*** STORED DATA Section Begins ***

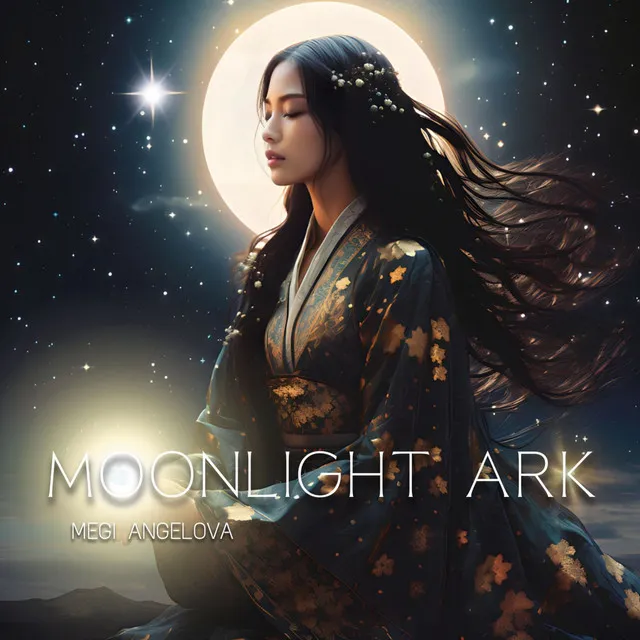 Moonlight Ark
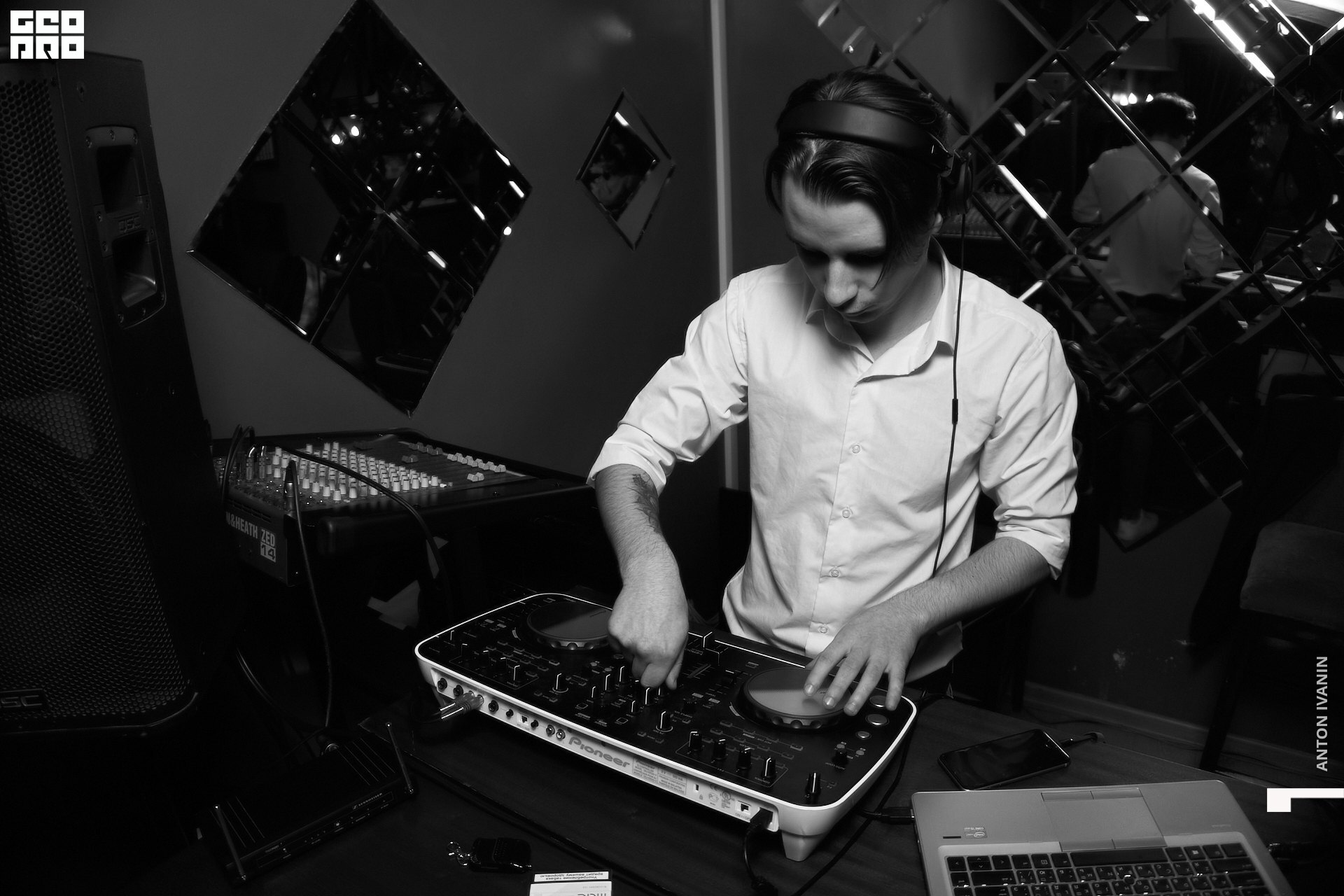 DSC06606 (Копировать).jpg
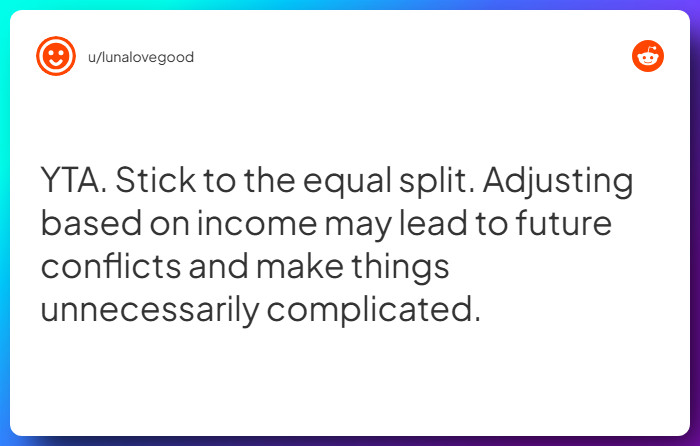 Comment from u/lunalovegood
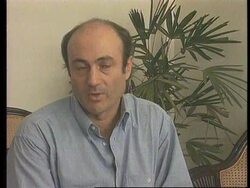 Indonesia - Fires continue to rage News Clip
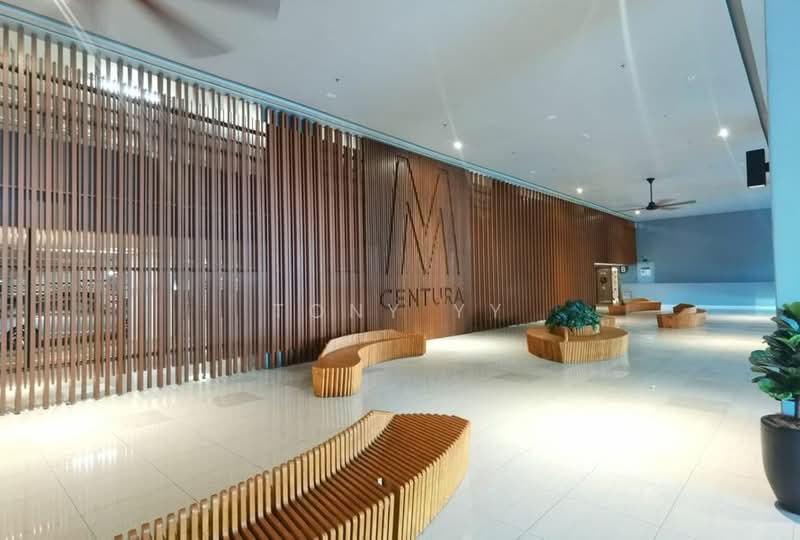 Service Residence for Sale at M Centura - Tony YY - PropertyGuru.com.my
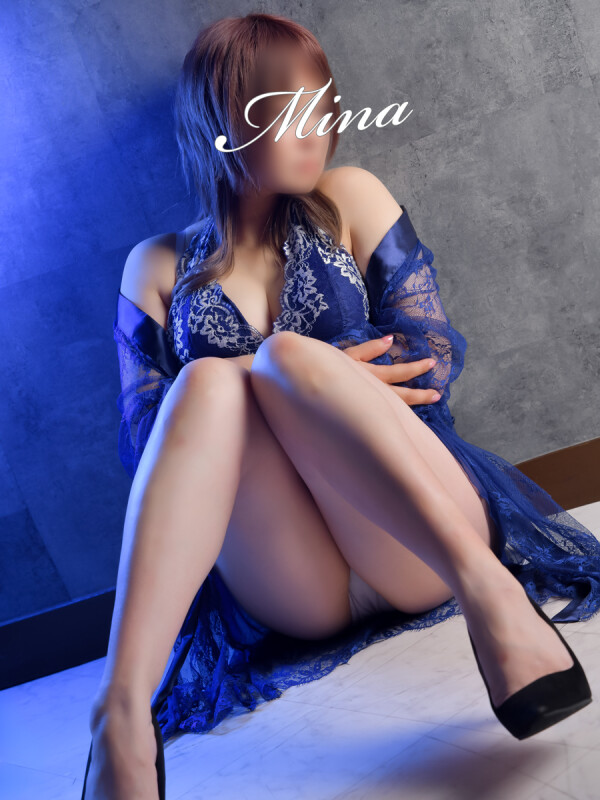 美奈（みな）(31)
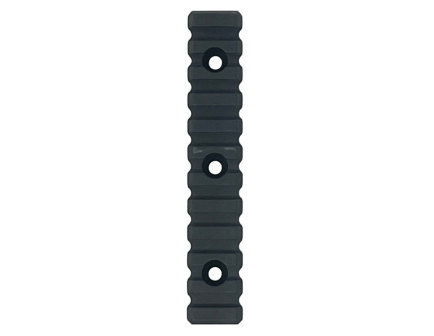 Bowden Tactical AR-Chitect Direct Mount M-LOK Picatinny Rail Section Long for AR-15 - J13115-44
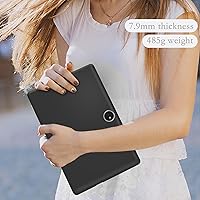 Aheadthink AHP12 11-inch Tablet, 18GB RAM, 128GB Storage — image 3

*** STORED DATA Section Ends ***

Could you set down the records above exactly, skipping any picture?

 Moonlight Ark
 DSC06606 (Копировать).jpg
 Comment from u/lunalovegood
 Indonesia - Fires continue to rage News Clip
 Service Residence for Sale at M Centura - Tony YY - PropertyGuru.com.my
 美奈（みな）(31)
 Bowden Tactical AR-Chitect Direct Mount M-LOK Picatinny Rail Section Long for AR-15 - J13115-44
 Aheadthink AHP12 11-inch Tablet, 18GB RAM, 128GB Storage — image 3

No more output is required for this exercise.